The British have an expression, "state of play," which is genius on a number of different levels. Loosely translated, it means "current situation." But in the subtext conveys a suggestion of action that the current situation is naturally in a state of flux -- like a soccer game. This is not only accurate, but demonstrates a clever economy of words.
The state-of-play idea is exactly what many in businesses, both large and small, seem to miss. Looking over the today's business landscape, they see a static, unmoving image. Their view of the environment resembles a snapshot (even a selfie) that captures a single moment in time. Of course, nothing could be more deceptive or just plain wrong. The business environment is in a constant state of play, acted upon by all manner of influences, including the economy, news, weather, politics and technological advances, to name just a few.
In this respect, most businesses are analogous to Wall Street, where the price of stocks is in a continual state of play as they increase and decrease in value. Businesses exhibit the same dynamics, though usually much less dramatically.
For this reason, the smart business owner should not expect to run his business in the same way as he does now in 20 years or even 10 years -- or, perhaps, next month. To understand this enables one not only assess and analyze, but also to "problem-solve" in an entirely different way.
To be clear, perceiving a static situation usually means that a business owner or manager will resolve any given problem by implementing a fix that will be short-term. Inevitably, more problems arise over the long run, because the circumstances are different. Those problems could have been avoided if that inevitable change had been taken into account.
For businesses that deal directly with consumers, the need to understand the state of play is particularly important. Skill crane operators have long known this. Smart bulk vending operators who have seen trend cycles dramatically shrink over the past several years also have adjusted accordingly.
Consumer tastes can change within weeks, prompted by the release of a new movie or the latest song. Good crane and bulk operators can judge the probable lifespan of a product licensed from a popular movie, or make adjustments for the change of seasons. I have also recently witnessed operators taking a second or third look at previously unprofitable locations. Timing is everything, even when it comes to location trends.
Those who have been in the business long enough can recall many of these shifts. The bulk vending industry, for instance, evolved to the point of using processes that very much resemble just-in-time manufacturing. It did not happen overnight, but product began to move in and out of warehouses at a faster pace. Service schedules shifted to reflect the changing nature of product. And operators became more willing to try new product categories with less hesitation and delay.
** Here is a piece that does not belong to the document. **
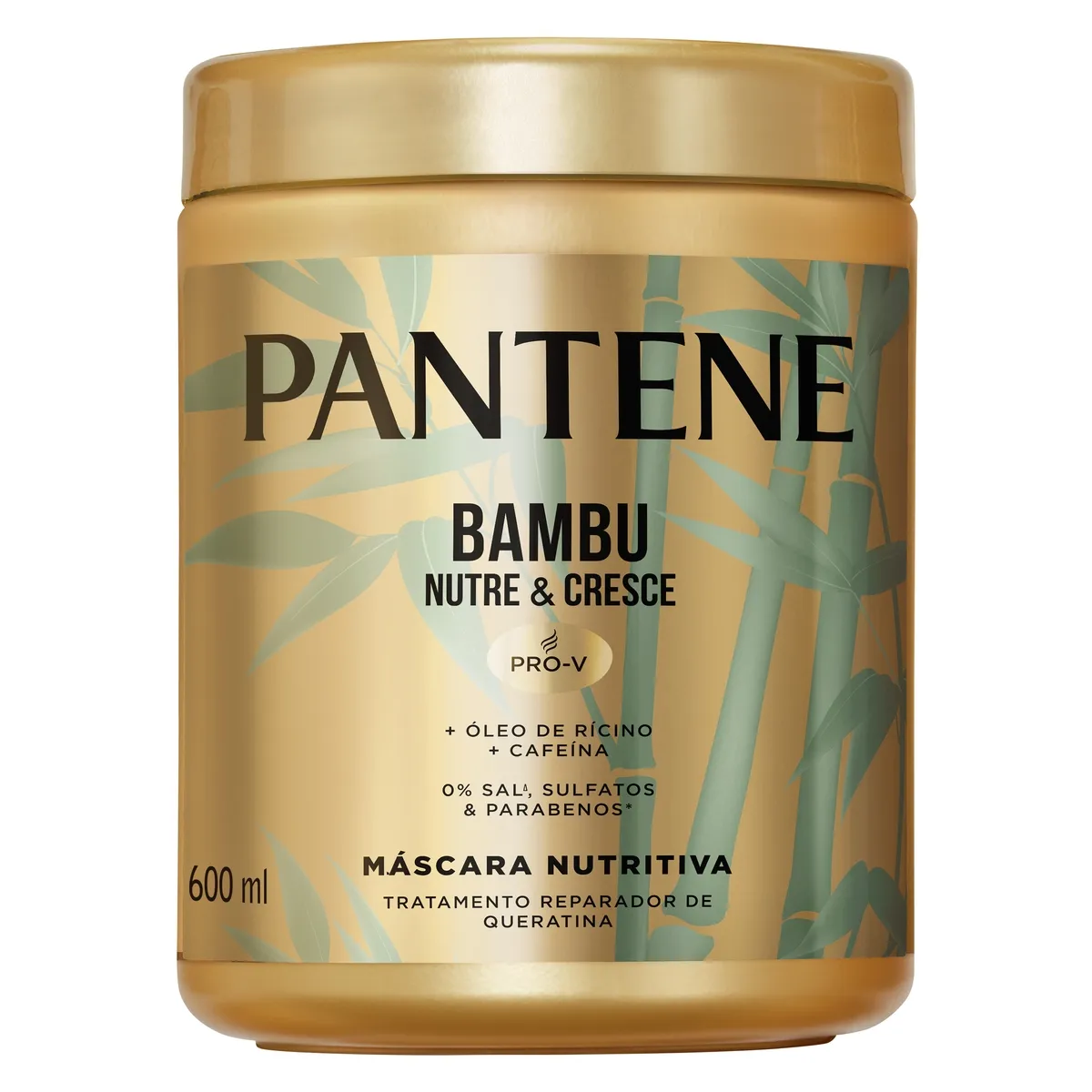 Máscara de Tratamento Pantene Pro-V Bambu Nutre & Cresce 600ml — foto 6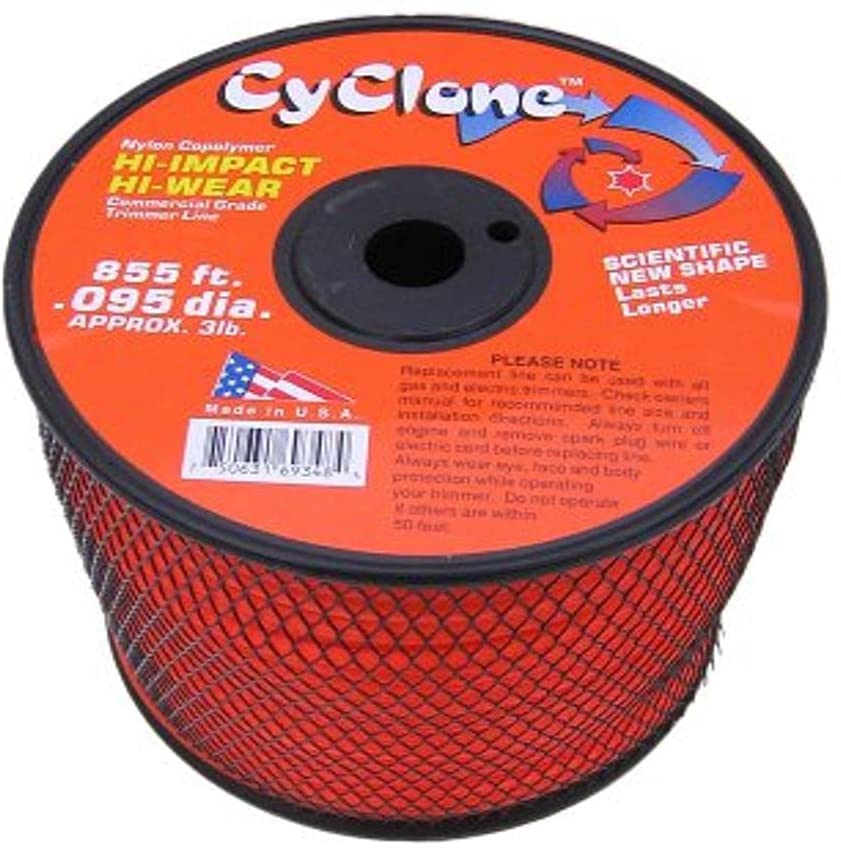  Cyclone Desert Extrusion CY095S3 Commercial Trimmer Line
These are not small changes. Today's most successful bulk vending operations run much differently than those of the past. These changes have required significant upgrades in infrastructure and ways of doing business. It is fair to say that many of those who were unwilling or unable to make necessary changes are either facing imminent failure or no longer in business.
All this is neither good nor bad. It is simply the way things work. As the saying goes, "He who rejects change is the architect of decay." Now, if we could just get the British to understand that soccer is really not football.